Kate shook her head.

"Because your grandmother wanted you to?" Olga guessed shrewdly, and laughed, a loud, cackling laugh, at Kate's expression. Kate was relieved when Olga turned to the stove, and even more relieved when alodiks proved to be nothing more than fried bread.

A few minutes later Olga put a plateful of the stuff in the middle of the table, puffed up and golden brown.

Everyone around the table made a concerted grab, not excepting Kate.

"There were killer whales in the bay this morning, Auntie," one of the girls said around a mouthful of fried bread.

"Ahhhhh," Olga said. "Killer whales in the bay." The smile faded from her face and she shook her head gravely.


"What does it mean?"

"Killer whales in the bay?"

"Yes. Do you know what it means?"

"I know only what everyone knows." Olga worked her next few stitches without speaking. The girls ceased their giggling and whispering, and as the silence gathered and grew, Kate had the feeling of a curtain about to go up.
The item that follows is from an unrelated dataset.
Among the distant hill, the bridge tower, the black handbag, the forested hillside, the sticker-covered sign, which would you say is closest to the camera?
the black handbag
When she spoke again, Olga's voice fell again into a kind of singsong, with a full-stop pause at the end of each sentence. It was subtle but clear. It wasn't as if Olga banged a drum on the downbeat at the end of every line, but Becky and her sister began nodding their heads slightly to the beat. Kate had noticed a similar kind of cadence to Olga's story of the Aleuts' exile and repatriation during and after World War II, and now consciously scanned the old woman's words for rhythm. She found it, and repetition, and internal rhymes, and alliteration.

Without moving, the girls seemed to draw tighter together in their circle, intent, absorbed, almost hypnotized, acolytes hanging on the words of their priestess.

"When killer whales come to a bay with a village,"

Olga chanted, "they come hungry for someone's spirit.


"When the killer whales come

"To a bay with a village

"Someone is going to die.

"When the killer whales come

"To a bay with a village

"The people know.

"When the killer whales come

"To a bay with a village

"It won't be long.

"Maybe one month.

"Maybe two.

"When the killer whales come

"Someone dies in that bay.

"When the killer whales come.

"That's all.'"

As she spoke the last words, Olga looked straight at Kate. She held her gaze for a long moment, before her eyes dropped to the scar on Kate's throat. The skin there began to itch beneath that intent gaze. Kate held perfectly still. "That was a beautiful story, Auntie," she said. "You're a poet."

Olga laughed, a loud robust laugh, and the priestess was gone and her acolytes, too, on the gust of merriment.

"It's just an old legend," she said, dropping back into prose. "I'm a good Christian missionary's daughter, myself. I don't believe any of that stuff."

Kate burst out laughing, and the girls joined in again.

As she rose to leave, Kate hesitated, not wanting to trespass but the memory of those graceful, swooping sand drawings haunting her. "About Sasha."

Olga's face was expressionless. "What about her?"

"Has she seen a doctor? There might be-"

"There is nothing," Olga said flatly. "Her mother drank too much."

"Where does Sasha live?" Kate asked Becky outside.

"With family, parents, what?" She was determined to do something, anything. Anyone who could draw like Sasha was not, could not be entirely beyond help, fetal alcohol syndrome baby or not.

She turned her head to find Becky looking at her with surprise. "What?"

Becky jerked a thumb over her shoulder, at the house behind them. "Sasha lives right here, Kate, Auntie is Sasha's mom."